- Aim of the task: Your response should be an exact reproduction of the data below, beginning at the line containing "FREE TEXT Preset" and ending with the final line.

- Available data:
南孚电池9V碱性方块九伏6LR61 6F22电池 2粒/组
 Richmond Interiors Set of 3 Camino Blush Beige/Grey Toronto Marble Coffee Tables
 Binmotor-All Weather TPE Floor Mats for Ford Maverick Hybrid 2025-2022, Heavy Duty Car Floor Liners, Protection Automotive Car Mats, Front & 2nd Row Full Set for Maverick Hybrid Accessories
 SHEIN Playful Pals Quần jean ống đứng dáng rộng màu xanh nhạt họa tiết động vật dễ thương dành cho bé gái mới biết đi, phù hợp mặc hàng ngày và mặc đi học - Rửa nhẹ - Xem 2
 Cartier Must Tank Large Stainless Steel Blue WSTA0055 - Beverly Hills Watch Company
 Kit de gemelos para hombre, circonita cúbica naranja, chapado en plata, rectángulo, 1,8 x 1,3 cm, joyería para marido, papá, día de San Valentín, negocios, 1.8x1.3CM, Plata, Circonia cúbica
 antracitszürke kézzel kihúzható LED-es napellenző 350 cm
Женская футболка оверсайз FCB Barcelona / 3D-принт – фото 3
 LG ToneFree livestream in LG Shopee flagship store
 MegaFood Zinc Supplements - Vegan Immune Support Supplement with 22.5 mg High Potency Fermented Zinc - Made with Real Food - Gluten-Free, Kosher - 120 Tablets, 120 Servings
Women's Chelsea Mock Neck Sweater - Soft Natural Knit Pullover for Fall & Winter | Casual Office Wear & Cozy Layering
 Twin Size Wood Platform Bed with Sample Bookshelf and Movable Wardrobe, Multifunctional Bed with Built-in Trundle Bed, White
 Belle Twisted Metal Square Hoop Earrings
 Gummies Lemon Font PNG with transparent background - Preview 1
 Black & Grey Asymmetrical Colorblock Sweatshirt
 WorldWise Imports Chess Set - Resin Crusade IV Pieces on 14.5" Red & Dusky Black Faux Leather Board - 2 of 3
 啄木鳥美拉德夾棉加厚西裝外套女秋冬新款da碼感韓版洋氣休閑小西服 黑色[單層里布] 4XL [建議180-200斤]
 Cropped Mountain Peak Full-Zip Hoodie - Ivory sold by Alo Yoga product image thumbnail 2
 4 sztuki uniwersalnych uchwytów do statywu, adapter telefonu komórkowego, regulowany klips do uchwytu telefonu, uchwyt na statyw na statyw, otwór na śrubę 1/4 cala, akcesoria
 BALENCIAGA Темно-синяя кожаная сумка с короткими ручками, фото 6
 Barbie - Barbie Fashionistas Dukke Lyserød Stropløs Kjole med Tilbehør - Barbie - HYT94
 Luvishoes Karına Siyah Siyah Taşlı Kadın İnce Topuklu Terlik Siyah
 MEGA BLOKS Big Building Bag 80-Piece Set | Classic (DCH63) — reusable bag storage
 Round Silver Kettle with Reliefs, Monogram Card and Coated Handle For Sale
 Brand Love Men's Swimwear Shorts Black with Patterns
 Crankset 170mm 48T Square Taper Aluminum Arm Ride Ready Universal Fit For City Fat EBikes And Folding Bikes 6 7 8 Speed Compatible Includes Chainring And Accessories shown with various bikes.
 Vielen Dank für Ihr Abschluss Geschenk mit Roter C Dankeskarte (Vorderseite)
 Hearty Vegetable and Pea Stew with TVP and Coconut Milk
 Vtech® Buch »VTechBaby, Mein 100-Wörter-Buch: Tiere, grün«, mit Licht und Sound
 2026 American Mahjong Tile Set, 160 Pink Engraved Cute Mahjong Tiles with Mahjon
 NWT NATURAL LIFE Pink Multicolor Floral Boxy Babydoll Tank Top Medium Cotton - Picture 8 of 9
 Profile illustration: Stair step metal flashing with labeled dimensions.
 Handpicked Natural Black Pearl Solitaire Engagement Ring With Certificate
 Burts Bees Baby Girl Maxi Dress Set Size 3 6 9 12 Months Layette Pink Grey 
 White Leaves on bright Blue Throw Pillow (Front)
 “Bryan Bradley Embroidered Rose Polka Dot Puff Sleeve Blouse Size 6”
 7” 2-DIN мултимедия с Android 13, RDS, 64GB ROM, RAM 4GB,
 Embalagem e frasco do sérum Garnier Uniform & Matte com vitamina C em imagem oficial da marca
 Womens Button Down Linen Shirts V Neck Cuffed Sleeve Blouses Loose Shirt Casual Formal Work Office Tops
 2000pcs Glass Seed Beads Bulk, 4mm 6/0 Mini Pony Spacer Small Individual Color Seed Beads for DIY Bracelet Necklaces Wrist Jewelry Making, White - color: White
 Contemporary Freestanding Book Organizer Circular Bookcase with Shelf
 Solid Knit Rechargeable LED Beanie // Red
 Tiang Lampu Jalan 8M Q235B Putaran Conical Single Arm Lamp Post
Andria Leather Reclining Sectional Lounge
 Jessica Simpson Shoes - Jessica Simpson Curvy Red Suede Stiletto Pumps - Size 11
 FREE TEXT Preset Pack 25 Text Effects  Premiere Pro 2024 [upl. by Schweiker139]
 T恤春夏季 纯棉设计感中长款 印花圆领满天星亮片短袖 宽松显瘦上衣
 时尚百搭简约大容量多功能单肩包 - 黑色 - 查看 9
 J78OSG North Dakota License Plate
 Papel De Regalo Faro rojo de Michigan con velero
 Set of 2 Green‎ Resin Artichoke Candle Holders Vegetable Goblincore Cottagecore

- Result of this exercise:
 FREE TEXT Preset Pack 25 Text Effects  Premiere Pro 2024 [upl. by Schweiker139]
 T恤春夏季 纯棉设计感中长款 印花圆领满天星亮片短袖 宽松显瘦上衣
 时尚百搭简约大容量多功能单肩包 - 黑色 - 查看 9
 J78OSG North Dakota License Plate
 Papel De Regalo Faro rojo de Michigan con velero
 Set of 2 Green‎ Resin Artichoke Candle Holders Vegetable Goblincore Cottagecore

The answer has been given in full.